This tool can deduplicate multiple directories that share the same directory structure. Deduplication is done by hard-linking. (While hard-linking is supported on Windows, this tool is only tested on Linux).
Imagine you had the following directory structures:
./foo
|-- one/
| |-- a.txt
| `-- b.txt
`-- c.txt
which was replicated in several different directories, for example testA/
, testB/
and testC/
. The directories passed in on the
command line are called "root directories" or "roots".
If you run ./dedup test*
, the first directory will be used as the primary tree to be walked. For each file in it,
dedup.rs will check to see if it exists in the other roots. For example, does testB/foo/one/a.txt
and testC/foo/one/a.txt
exist?
Each file that exists in multiple roots will be checked for content sameness. Any files that are identical will be hard-linked together.

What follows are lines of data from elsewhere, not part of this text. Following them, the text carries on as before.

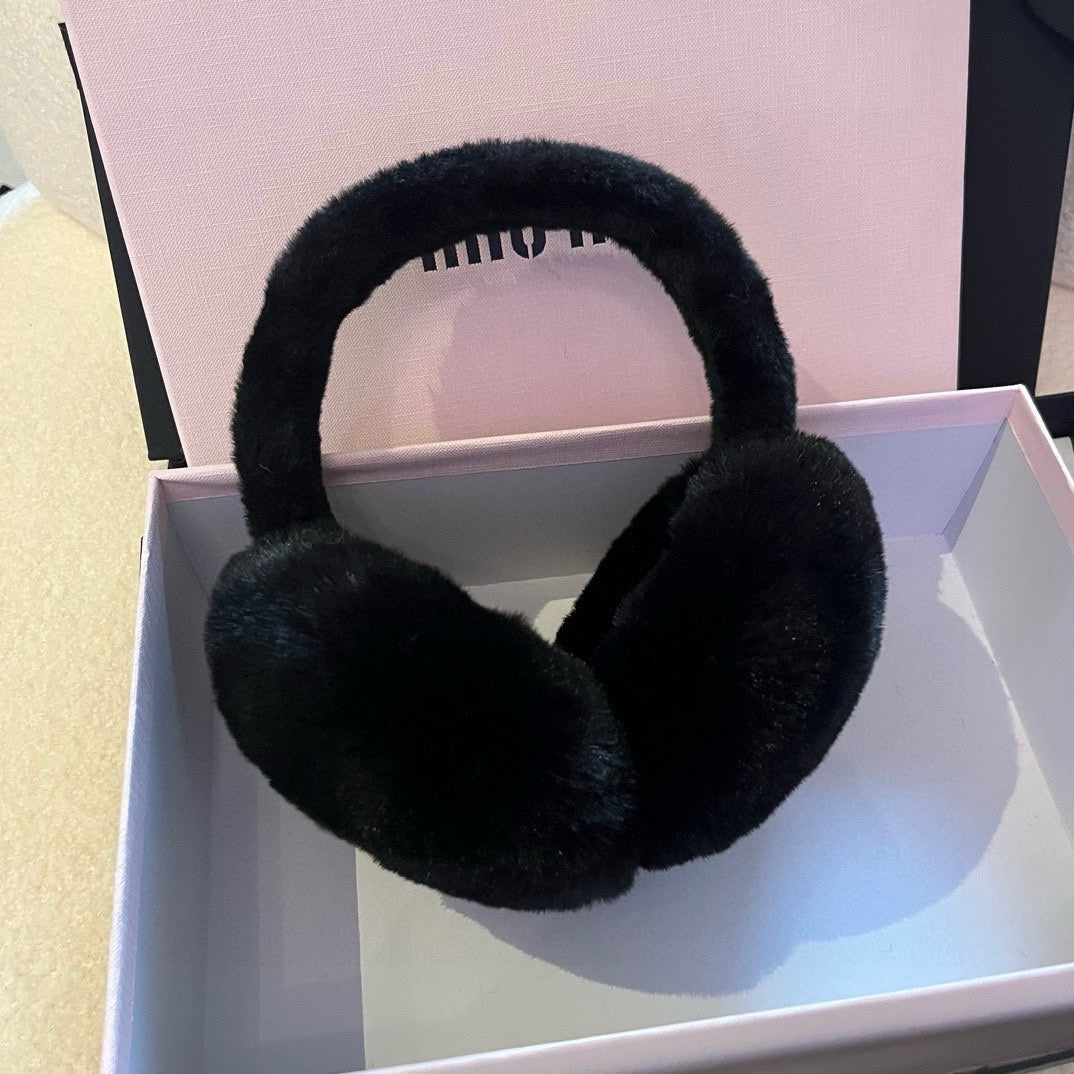 Miu Earmuffs Black Fur 490482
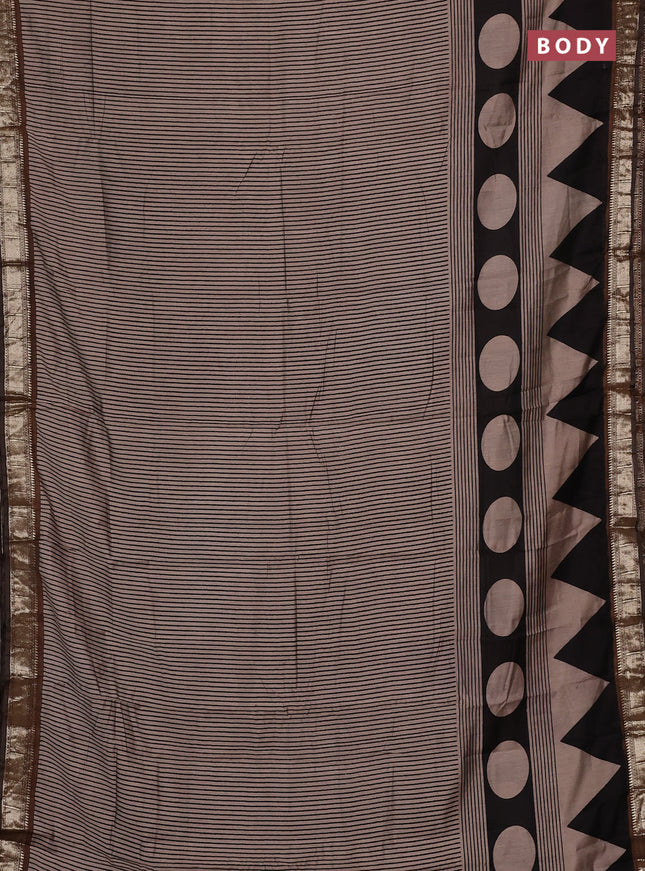Semi maheswari cotton saree beige black and dark mustard with allover stripe prints and zari woven border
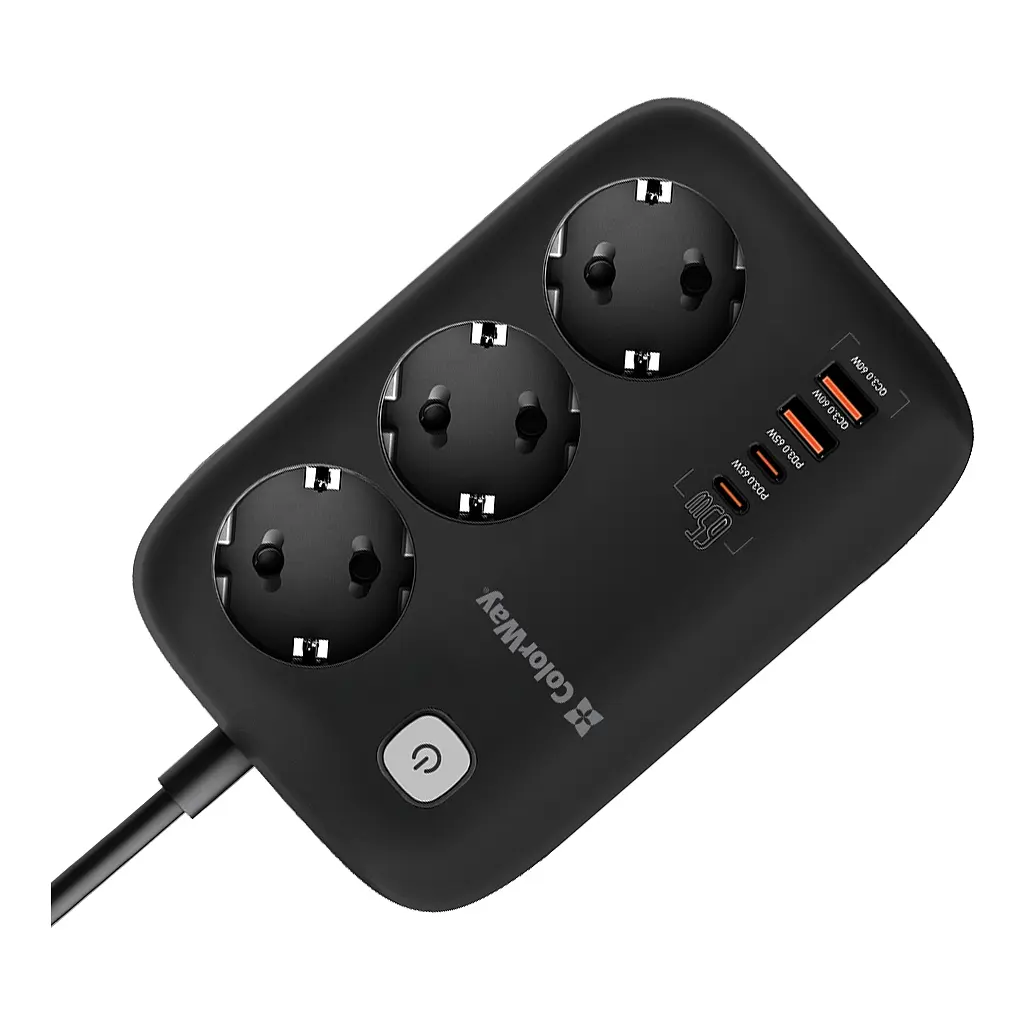 Мережевий фільтр живлення ColorWay CW-CHE34PDB 3 роз/4USB GaN3 Pro (CW-CHE34PDB) - фото 4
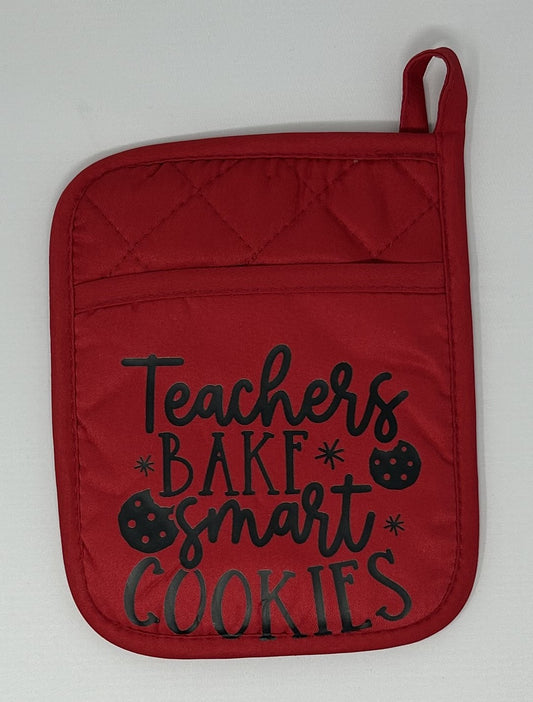 Potholder Mitt, 8.5x6.75 in. - Teachers Bake Smart Cookies - Red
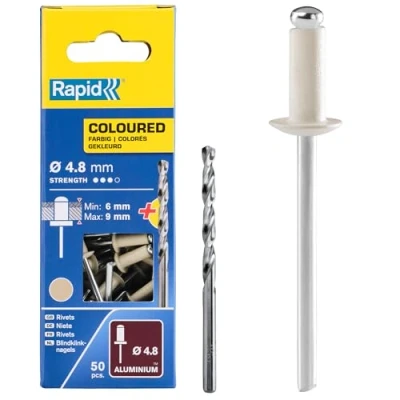 Imagen de Rapid Remaches de Aluminio Gran Resistencia, Blanco Crema, Ø4,8 x 12 mm 4 para Canalones, Tuberías y Chapa Metálica Incluye Taladro 50 Unidades, Embalaje Cartón (5001469)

To create the links, first a new link is created to a temporary file, and then then temporary file is moved on top of the real file.
When using hardlinking for deduplication, it's important to remember that editing a file will change every path that links to that file. This can be very surprising in some situations. Thus it is strongly recommended that once a folder is deduplicated, it be marked as read-only, and never written to.
When looking for files to deduplicate, they must exist in at least 2 of the roots. They need not exist in every root.
Given a set of files with the same name, the set is first partitioned based on content sameness. As an example, if you had 5 files total, and files 1 and 2 were the same, and files 3 and 4 where the same, and file 5 was different from everything else, then files 1 and 2 would be hardlinked and files 3 and 4 would be hardlinked.
As an optimiation, files with different mtimes and file sizes are never considered the same. If they are, then the files are then hashed with with xxHash.
Given a set of files that have all been confirmed to be the same, the file with the most number of hardlinks is considered to be the "master". All other files are then linked to point to this master file.